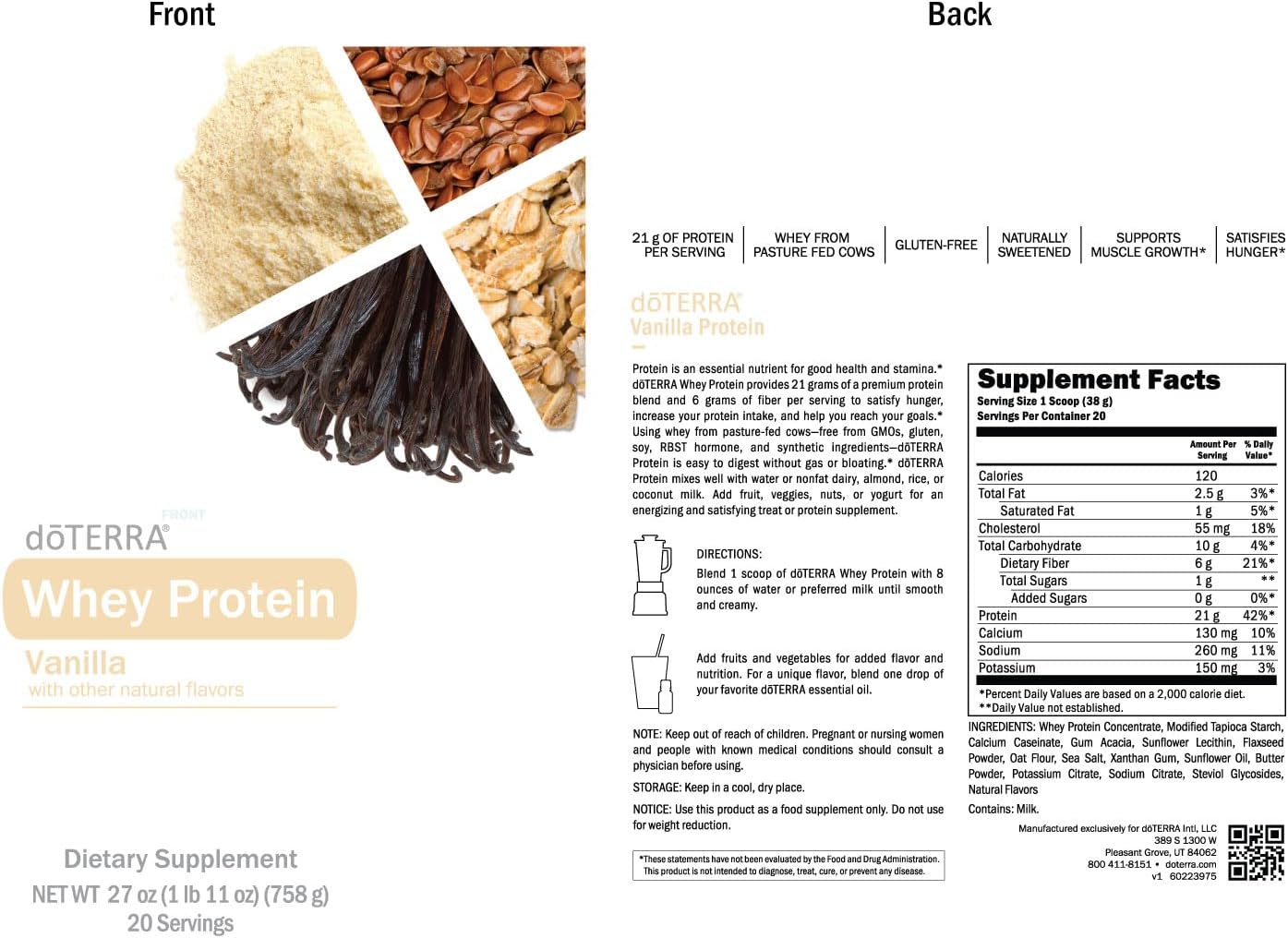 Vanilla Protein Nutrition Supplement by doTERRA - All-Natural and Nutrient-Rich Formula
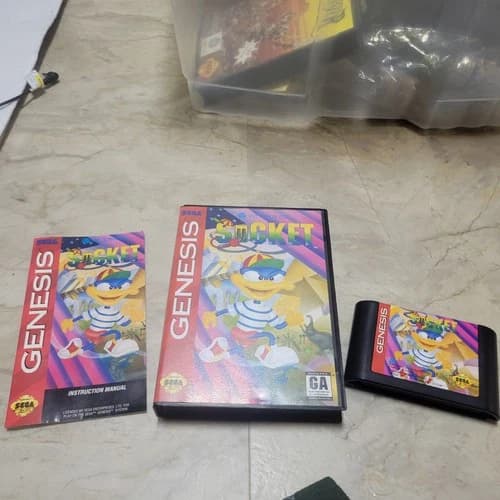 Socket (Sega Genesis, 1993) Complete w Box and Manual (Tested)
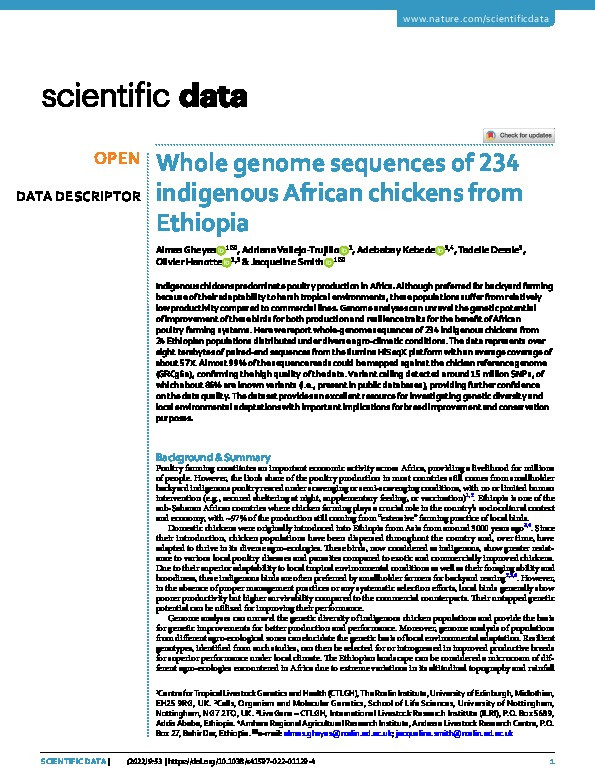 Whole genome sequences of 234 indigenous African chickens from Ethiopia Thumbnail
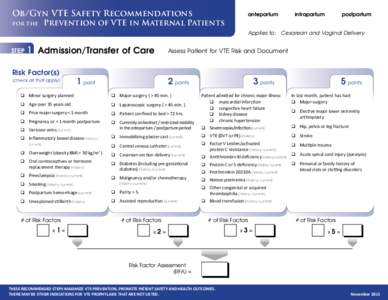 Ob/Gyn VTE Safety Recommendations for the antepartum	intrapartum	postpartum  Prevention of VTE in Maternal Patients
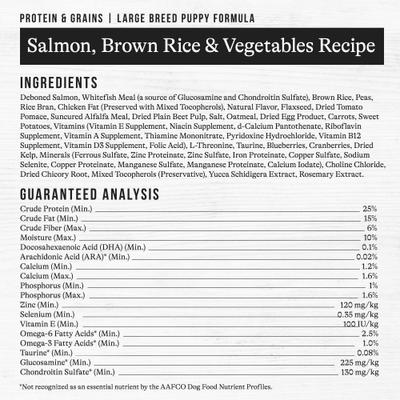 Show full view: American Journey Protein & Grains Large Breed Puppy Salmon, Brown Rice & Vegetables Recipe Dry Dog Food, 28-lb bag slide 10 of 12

····················

__Task prompt__: From the line that contains "Ob/Gyn VTE Safety" to the last line of the records above, copy each line exactly, both ends included, and leave the pictures out.

__Written solution__:
 Ob/Gyn VTE Safety Recommendations for the antepartum	intrapartum	postpartum  Prevention of VTE in Maternal Patients
 Show full view: American Journey Protein & Grains Large Breed Puppy Salmon, Brown Rice & Vegetables Recipe Dry Dog Food, 28-lb bag slide 10 of 12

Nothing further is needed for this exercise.